I have been a mother for 51 years and a grandparent for 27. I have been a nanny and a counselor. I have done many jobs with children and teens at churches I have attended.  Nothing has impacted my views on parenting like learning from Dr. Jim Wilder and Life Model Works. I had never heard that there were ways to evaluate emotional maturity. I certainly never heard how the emotional side of the brain works from birth to old age.
A new definition of joy—“Someone is glad to be with me, regardless of circumstances and emotions”—was life changing.
I finally had words for why I felt so uncomfortable when I saw someone over stimulating a child until they cried.  I saw how understanding the emotional brain and joy could help me calm myself and help others when they are overwhelmed.  Relationships improved.  I grew less afraid of conflict.  The changes could go on and on.

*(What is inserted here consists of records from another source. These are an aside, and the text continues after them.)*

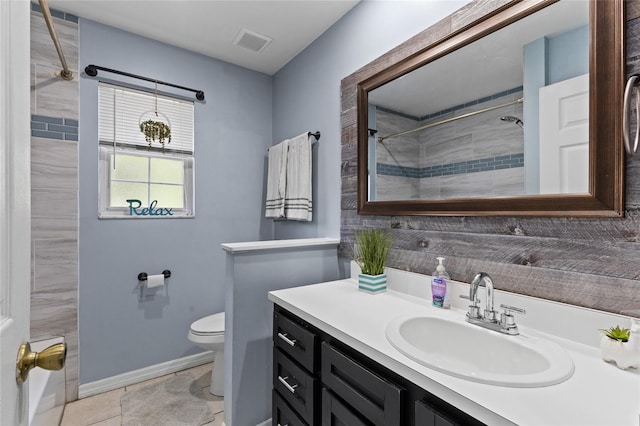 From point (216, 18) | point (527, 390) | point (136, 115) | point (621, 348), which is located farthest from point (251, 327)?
point (216, 18)

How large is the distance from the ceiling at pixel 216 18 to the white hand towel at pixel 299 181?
0.74 meters

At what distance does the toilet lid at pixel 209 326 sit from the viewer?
2047 mm

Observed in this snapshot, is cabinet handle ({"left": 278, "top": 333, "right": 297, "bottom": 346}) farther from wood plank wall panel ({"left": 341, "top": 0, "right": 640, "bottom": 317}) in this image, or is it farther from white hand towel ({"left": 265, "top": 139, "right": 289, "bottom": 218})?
white hand towel ({"left": 265, "top": 139, "right": 289, "bottom": 218})

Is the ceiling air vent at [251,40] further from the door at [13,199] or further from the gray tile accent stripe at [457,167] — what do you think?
the door at [13,199]

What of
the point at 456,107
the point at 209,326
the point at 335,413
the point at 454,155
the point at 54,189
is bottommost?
the point at 209,326

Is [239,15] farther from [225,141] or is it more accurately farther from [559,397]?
[559,397]

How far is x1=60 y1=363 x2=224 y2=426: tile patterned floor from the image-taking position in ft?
6.03

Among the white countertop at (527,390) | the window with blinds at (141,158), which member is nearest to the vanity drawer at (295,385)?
the white countertop at (527,390)

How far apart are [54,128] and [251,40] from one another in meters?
1.45

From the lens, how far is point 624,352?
31.7 inches

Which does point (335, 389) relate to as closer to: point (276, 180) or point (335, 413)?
point (335, 413)

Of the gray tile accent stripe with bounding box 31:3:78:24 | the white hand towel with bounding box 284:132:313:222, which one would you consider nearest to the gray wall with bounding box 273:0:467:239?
the white hand towel with bounding box 284:132:313:222

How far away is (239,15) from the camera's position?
6.65 feet

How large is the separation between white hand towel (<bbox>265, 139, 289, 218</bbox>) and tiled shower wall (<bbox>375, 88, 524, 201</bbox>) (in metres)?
0.95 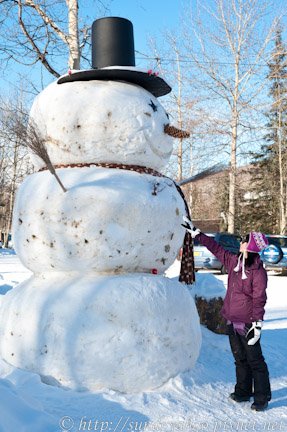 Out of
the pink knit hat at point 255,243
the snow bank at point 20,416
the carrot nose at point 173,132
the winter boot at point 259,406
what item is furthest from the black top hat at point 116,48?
the winter boot at point 259,406

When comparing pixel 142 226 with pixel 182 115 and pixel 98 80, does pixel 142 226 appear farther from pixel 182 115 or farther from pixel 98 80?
pixel 182 115

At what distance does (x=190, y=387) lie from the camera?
14.0 feet

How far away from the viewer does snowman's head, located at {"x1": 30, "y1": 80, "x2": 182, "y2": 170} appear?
435cm

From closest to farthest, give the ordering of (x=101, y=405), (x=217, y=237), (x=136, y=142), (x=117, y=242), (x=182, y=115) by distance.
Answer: (x=101, y=405) < (x=117, y=242) < (x=136, y=142) < (x=217, y=237) < (x=182, y=115)

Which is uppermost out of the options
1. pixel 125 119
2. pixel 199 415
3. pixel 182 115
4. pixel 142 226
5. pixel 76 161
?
pixel 182 115

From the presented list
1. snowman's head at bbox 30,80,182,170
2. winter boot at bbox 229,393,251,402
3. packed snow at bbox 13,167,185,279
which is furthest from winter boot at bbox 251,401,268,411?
snowman's head at bbox 30,80,182,170

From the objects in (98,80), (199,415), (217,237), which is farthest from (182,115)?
(199,415)

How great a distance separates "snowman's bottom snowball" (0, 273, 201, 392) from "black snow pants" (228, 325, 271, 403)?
48 cm

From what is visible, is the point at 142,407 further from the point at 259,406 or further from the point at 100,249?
the point at 100,249

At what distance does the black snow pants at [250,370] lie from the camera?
13.4ft

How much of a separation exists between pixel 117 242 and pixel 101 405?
130 centimetres

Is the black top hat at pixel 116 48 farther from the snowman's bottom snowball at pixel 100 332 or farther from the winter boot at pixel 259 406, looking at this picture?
the winter boot at pixel 259 406

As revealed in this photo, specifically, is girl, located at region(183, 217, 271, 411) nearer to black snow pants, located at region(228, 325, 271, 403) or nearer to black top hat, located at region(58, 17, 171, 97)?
black snow pants, located at region(228, 325, 271, 403)

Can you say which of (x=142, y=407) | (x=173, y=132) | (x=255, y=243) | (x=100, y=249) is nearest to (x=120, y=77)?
(x=173, y=132) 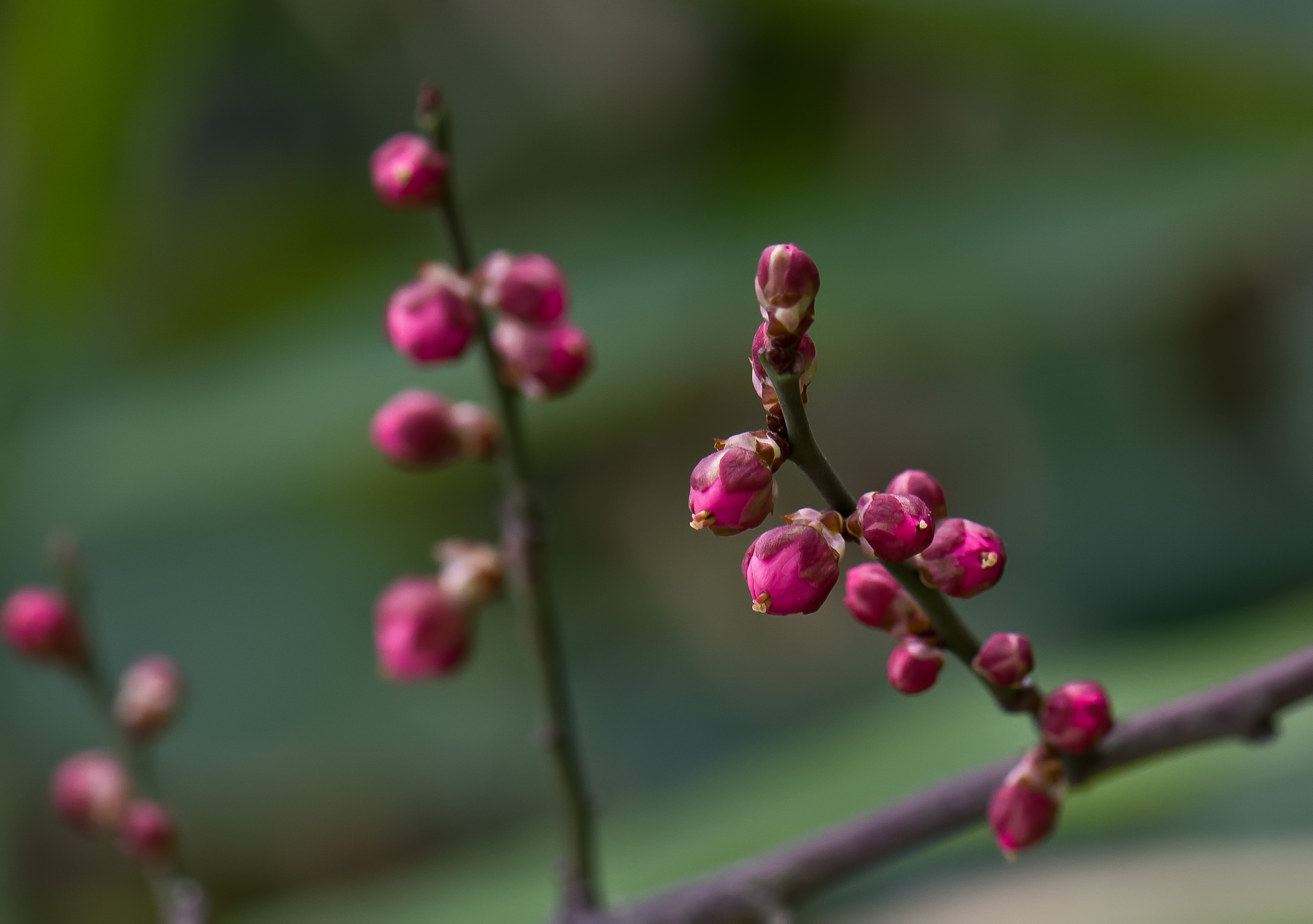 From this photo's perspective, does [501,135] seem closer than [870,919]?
No

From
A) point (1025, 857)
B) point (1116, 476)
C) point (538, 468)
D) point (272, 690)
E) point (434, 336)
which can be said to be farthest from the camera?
point (538, 468)

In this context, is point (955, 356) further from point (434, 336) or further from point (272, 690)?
point (434, 336)

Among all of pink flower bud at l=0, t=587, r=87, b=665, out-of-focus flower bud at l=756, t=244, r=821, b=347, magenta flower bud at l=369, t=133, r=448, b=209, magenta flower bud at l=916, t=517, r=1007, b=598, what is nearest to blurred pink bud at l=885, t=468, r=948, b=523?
magenta flower bud at l=916, t=517, r=1007, b=598

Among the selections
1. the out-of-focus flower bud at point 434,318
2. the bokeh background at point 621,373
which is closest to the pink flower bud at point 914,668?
the out-of-focus flower bud at point 434,318

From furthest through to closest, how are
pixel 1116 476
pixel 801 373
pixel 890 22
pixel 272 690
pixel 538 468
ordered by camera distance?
pixel 538 468 → pixel 272 690 → pixel 1116 476 → pixel 890 22 → pixel 801 373

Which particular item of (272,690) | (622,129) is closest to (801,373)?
(272,690)

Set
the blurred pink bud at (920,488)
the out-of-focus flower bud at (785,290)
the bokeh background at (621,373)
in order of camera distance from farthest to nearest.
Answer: the bokeh background at (621,373), the blurred pink bud at (920,488), the out-of-focus flower bud at (785,290)

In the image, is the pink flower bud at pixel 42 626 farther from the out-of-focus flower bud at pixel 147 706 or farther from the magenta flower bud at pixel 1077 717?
the magenta flower bud at pixel 1077 717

When I think about helping parents, I have a passion for helping them prevent future problems, probably because over the years I have listened to many problems that came from not-so-good parenting. At least knowing how parenting affects a rapidly developing brain in the first two-three years of life and realizing how that development affects the future emotional, mental, and even physical health of the child, we might be able to walk a better path than many before us have walked.
Joy-filled parenting encourages us parents to improve our own relational skills, because much of the brain training with our children depends on what we parents already have in our own brains. We cannot “download” any skill we do not already have.  We cannot help our children learn to love Jesus and go to Him for healing if we are not willing to get healed of past emotional wounds and grow in character and maturity. As I love to say, “More is caught than taught.”
No book, video or conference takes the place of an authentic joy-filled, peaceful, validating, comforting, loving, Jesus-filled home.
Granted there will be problems and sorrows and conflict, but through joy we can learn different ways to handle them. When we are glad to be together it helps us focus on the relationships involved instead of the problems. These were my motivating factors in writing the Handbook on Joy-filled Parenting and I sincerely hope every father’s and mother’s experience in raising their children is truly joy-filled!